Ground-breaking Saudi filmmaker Haifaa Al-Mansour will return home to shoot her next film, The Perfect Candidate, about a young female doctor with political ambitions who runs for municipal office while her father is away touring the country.

Al-Mansour made history in 2012 as the first female Saudi filmmaker with the award-winning picture Wadjda, her first film that shot entirely in Saudi and was the kingdom’s first submission to the Oscars. 

Her subsequent features Mary Shelley and Nappily Ever After were shot outside Saudi Arabia.

The filmmaker is now playing an active role in Saudi Arabia’s bid to build a film and TV industry following the lifting of its 30-year cinema ban last December.  

The Perfect Candidate will be the first production to be supported by the Saudi Film Council, the recently-created body operating under the aegis of the General Culture Authority of Saudi Arabia.

The production reunites Al-Mansour – who also produces under her Al Mansour Productions in Saudi Arabia - with Wadjda producers Gerhard Meixner and Roman Paul of Razor Film Produktion in Berlin.

The co-production was negotiated by UTA Independent Film Group, which will handle sales in North America.

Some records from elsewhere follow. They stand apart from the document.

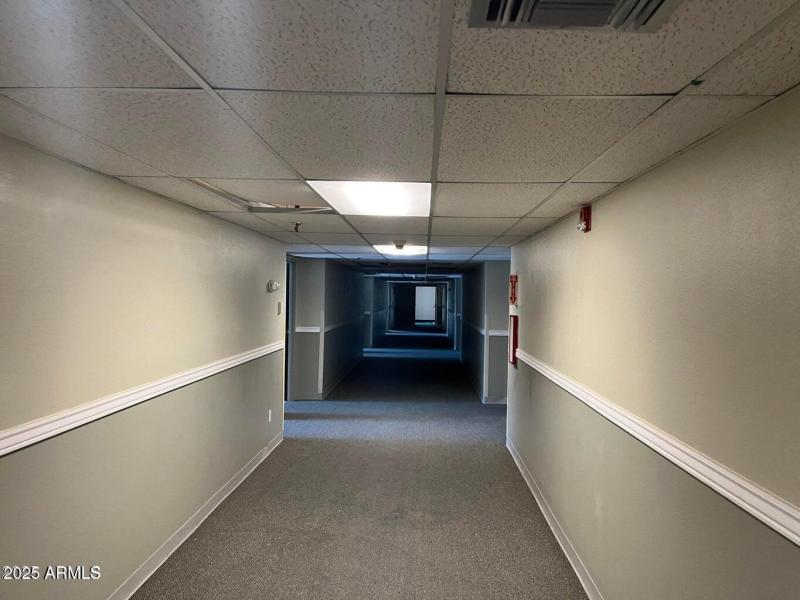 20250306191703493032000000-o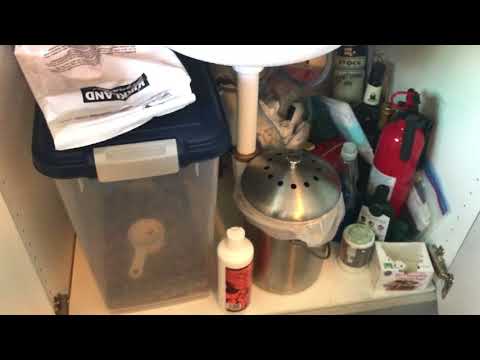 2 Adults and 2 Dogs Live in a Microstudio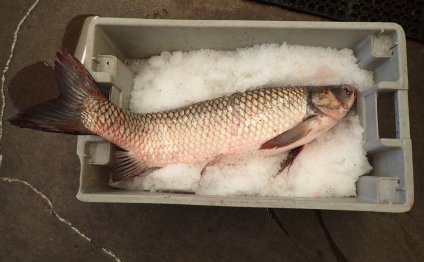 Asian Carp: Fish found in Lake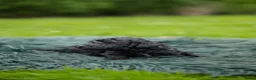 Labradoodle honden te koop: Prachtige multigen Labradoodles - Advertentie 5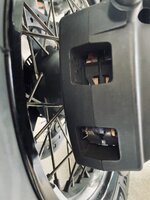 IMG_5149.jpeg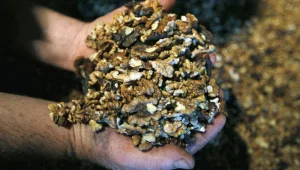 מי שומר על הילדים האלרגיים שלכם?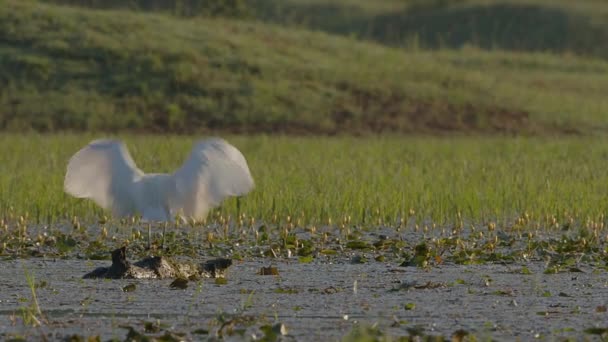 Pequeno Egret Caçando Tronco Flutuante Uma Lagoa Lírios Lago Kerkini — Vídeo de Stock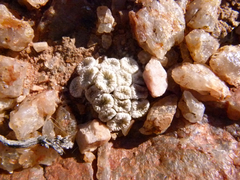 Conophytum ectypum brownii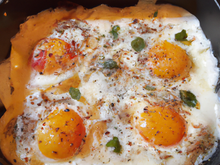 Œufs durs gratinés à la florentine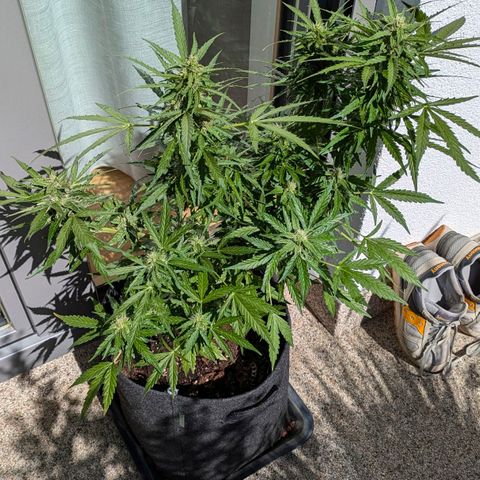 Gelato Cookie Doh-ope Auto growlog timeline photo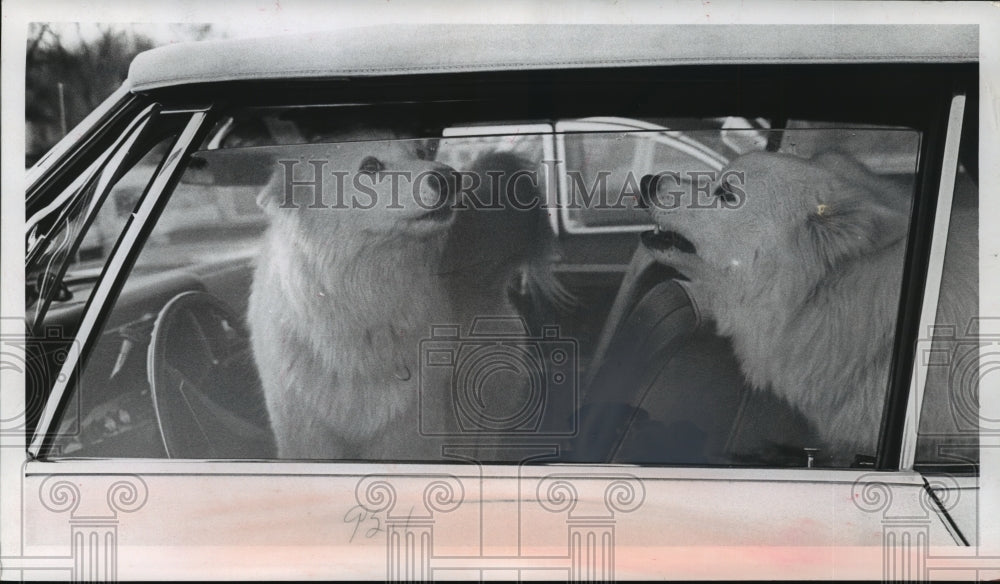 1968 Press Photo Browns&#39; pet Samoyeds waited in the car for their masters return-Historic Images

The Match Factory will handle sales internationally. Al-Mansour will direct from a script she wrote with Brad Niemann, and filming is expected to start in Riyadh, Saudi Arabia, by mid-September.

The drama revolves around a young female doctor who runs for municipal office while her father is off touring the country with the re-established Saudi National Band, which had been banned under laws prohibiting public music performances.

It is described in a UTA release as “a tale that applauds women’s ambitions in politics while celebrating Saudi’s lost arts and the return of music to its small towns. Similar to Al-Mansour’s own enterprising nature, the film’s protagonist is prompted to disrupt the societal constructs that permeate her conservative, male-dominated culture.”

Speaking about the project, Al-Mansour said, “I believe that change must ultimately be sustained and driven by the people who are most in need of improvements and increased mobility in their daily lives.”

“I want to help lead this positive change by telling a story that is full of hope and celebrates the power of resiliency and hard work. I want to encourage Saudi women to seize the moment, to take a chance, and break away from the system that for so long has held us back.”